Es war ein Glück für sie, daß Pethar in der vergangenen Nacht gekommen war. Der junge Patrouillenflieger hatte wichtige Nachrichten mitgebracht, die weitergeleitet werden mußten. Für sie konnte das eine günstige Gelegenheit sein, dem täglichen Einerlei für eine Weile zu entfliehen und sich ein wenig den Wind um die Nase wehen zu lassen. Schon am vergangenen Abend hatte Nayala den Plan gefaßt, Pethar auf seiner Reise zu begleiten.
Als sie erfrischt aus dem Baderaum zurückkehrte, war Pethar wach. Er hatte die Arme unter dem Kopf verschränkt und musterte ungeniert Nayalas nackten Körper.

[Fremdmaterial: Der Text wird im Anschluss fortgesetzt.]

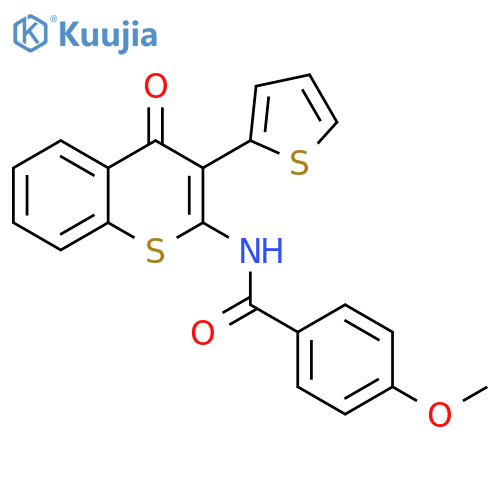 4-methoxy-N-4-oxo-3-(thiophen-2-yl)-4H-thiochromen-2-ylbenzamide structure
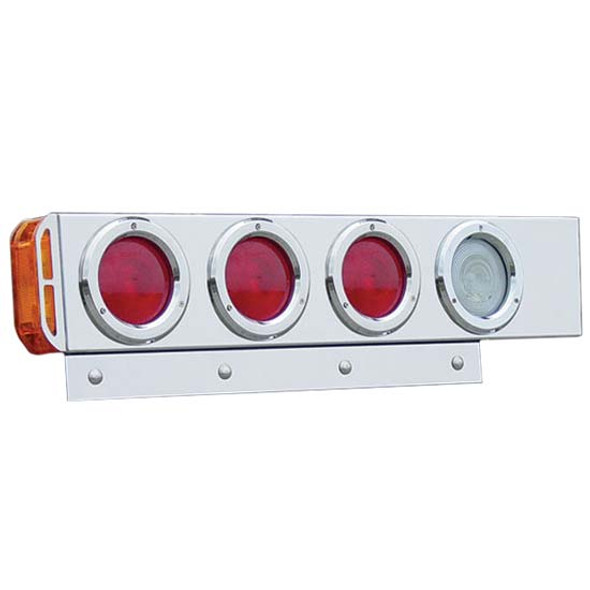 Stainless Steel Mud Flap Hanger W/ 3 Red, 1 White & 1 Super 21 End Lights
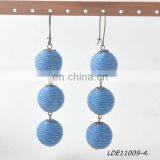 2017 Bon Bon Style Thread Wrapped Ball Drop Earrings thumbnail-4
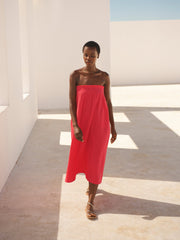 Lottie cotton double cloth skirt - Geranium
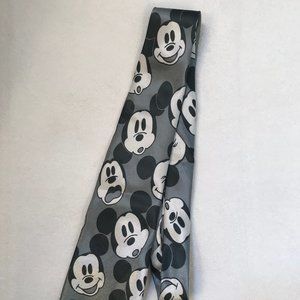 Mickey Mouse Grey White Black Tie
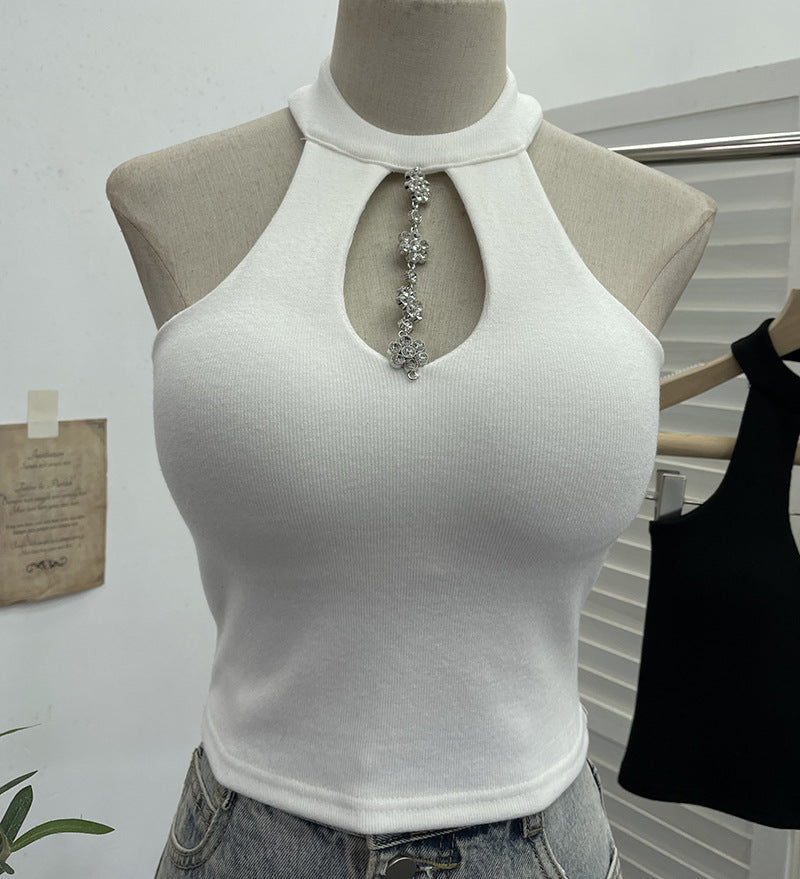 Hanging neck suspender sexy off shoulder top
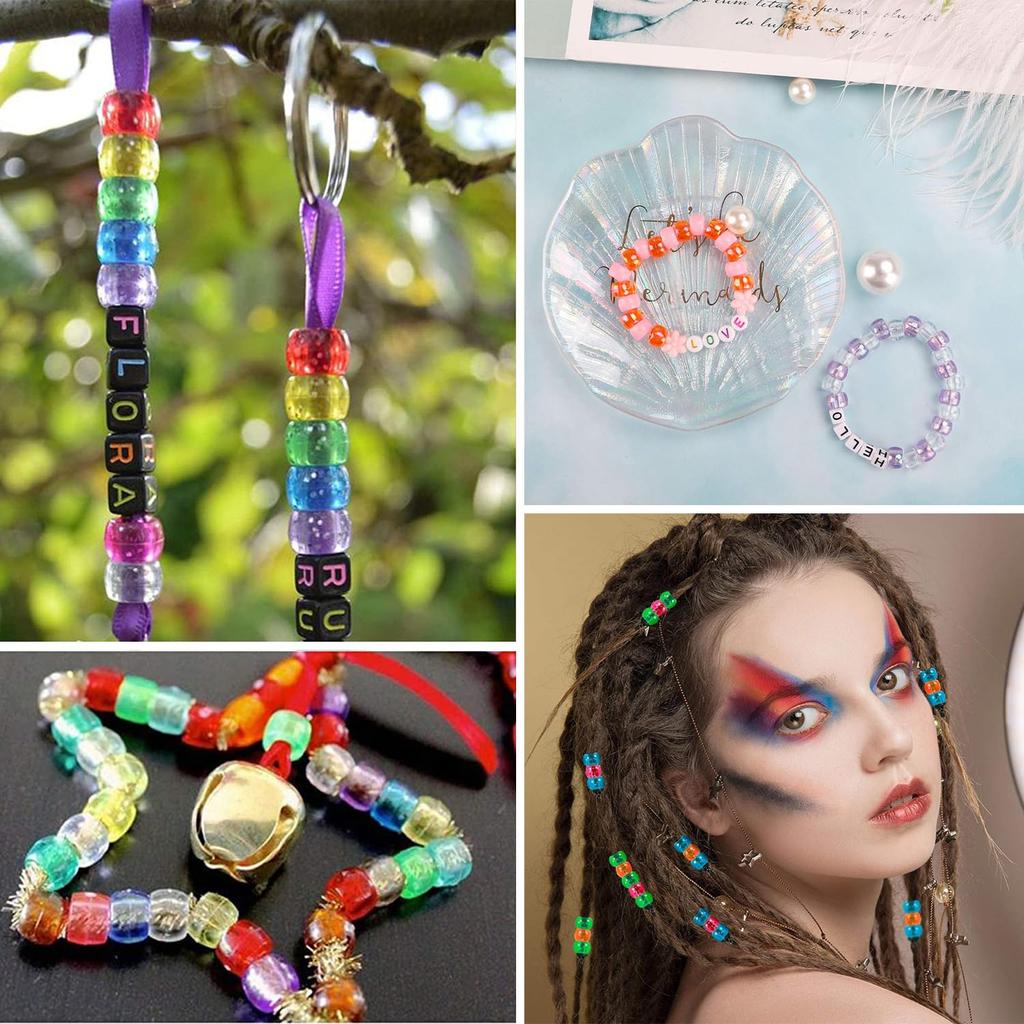 24 Colors Pony Beads BetterJonny Approximately 720 Pieces Alphabet Beads Acrylic Beads Barrel Beads Kit Colorful Bracelet String Necklace Earrings…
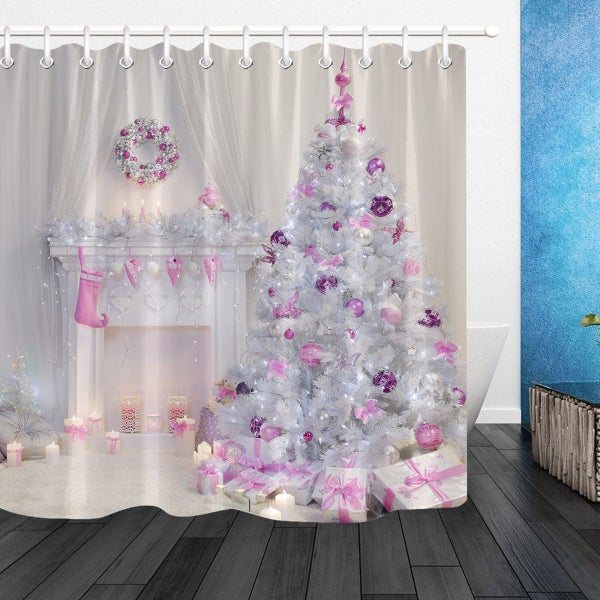Christmas Tree Interior Xmas Fireplace Pink Decorated Indoors Shower Curtain Bat Carousel 1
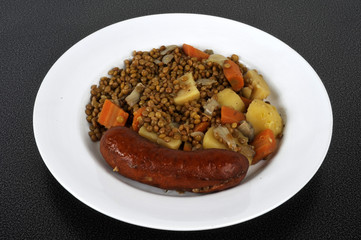 saucisse au lentilles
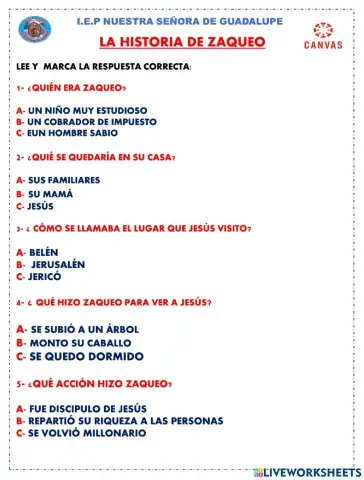 La histoia de zaqueo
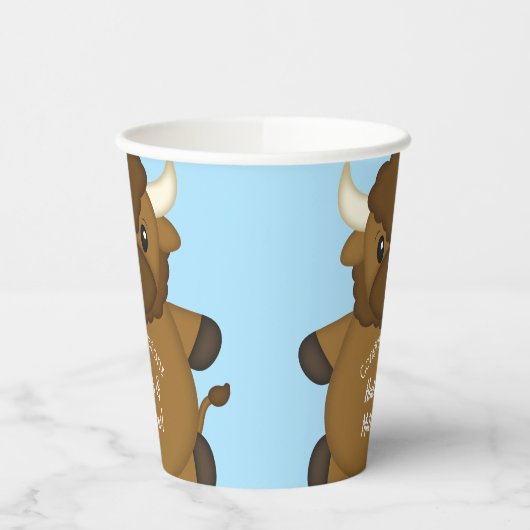 Bison Buffalo Baby Dusche Blue Pappbecher (Links)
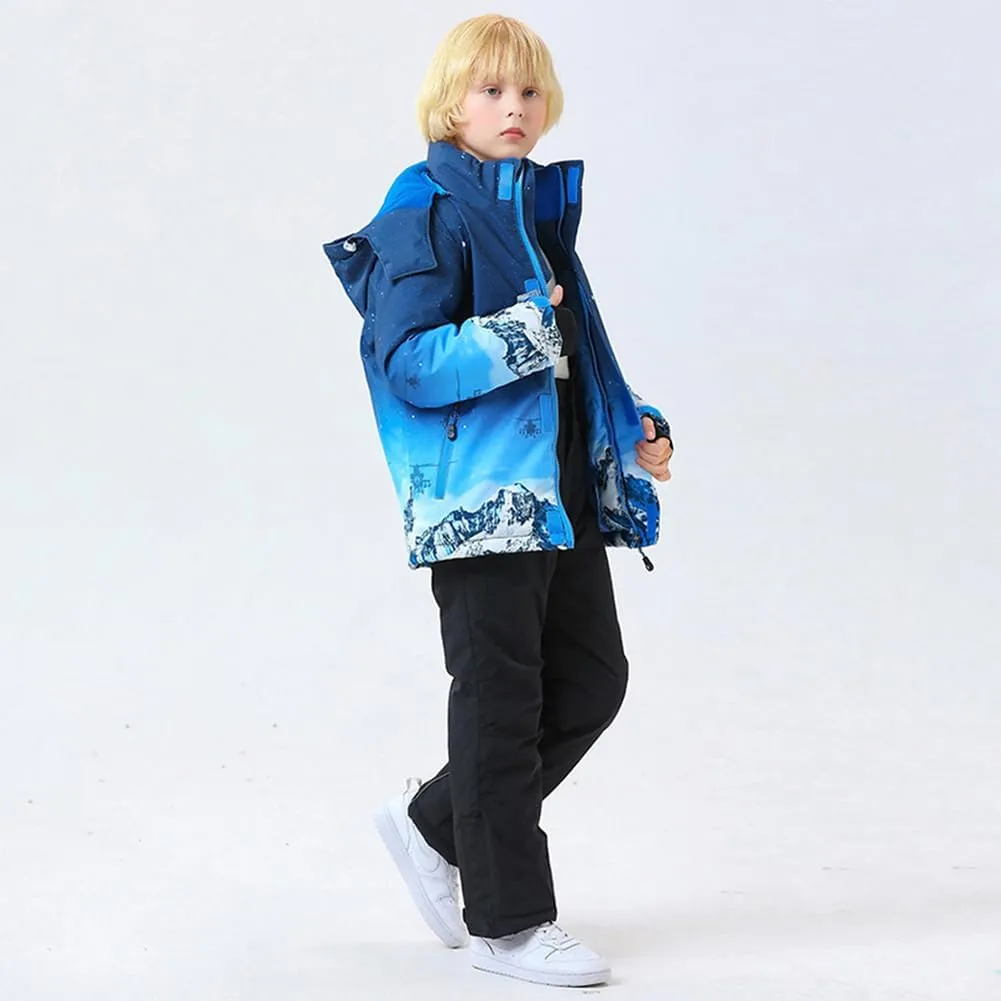 HOTIAN Boys Ski Jacket Colorful Waterproof Insulated Snow Coat Windproof Unisex Winter Outdoor Coats
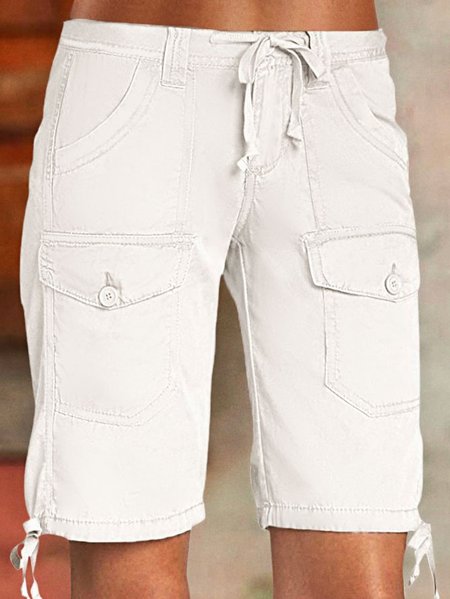 Casual Cotton Solid Flap Pocket Drawstring Low Waist Bermuda Shorts, White, Shorts
Casual Cotton Solid Flap Pocket Drawstring Low Waist Bermuda Shorts, White, Shorts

»Du bist sehr schön«, sagte er mit seiner etwas heiseren Stimme. »Manchmal wünsche ich mir wirklich, ich wäre deiner würdig.«
Nayala lachte silberhell. »Du bist mir ein zu großer Frauenliebling, als daß ich dich ständig um mich haben wollte«, erwiderte sie geradeheraus und schlüpfte in ein enganliegendes blaues Gewand mit weiten Ärmeln. »Und außerdem: Was würde Sufnor dazu sagen? Und erst die anderen, die mich alle lieben? Du gehörst ja nicht einmal unserem Klan an.«
Pethar schmunzelte. »Dein Klan könnte eine Blutauffrischung sicherlich gebrauchen«, grinste er.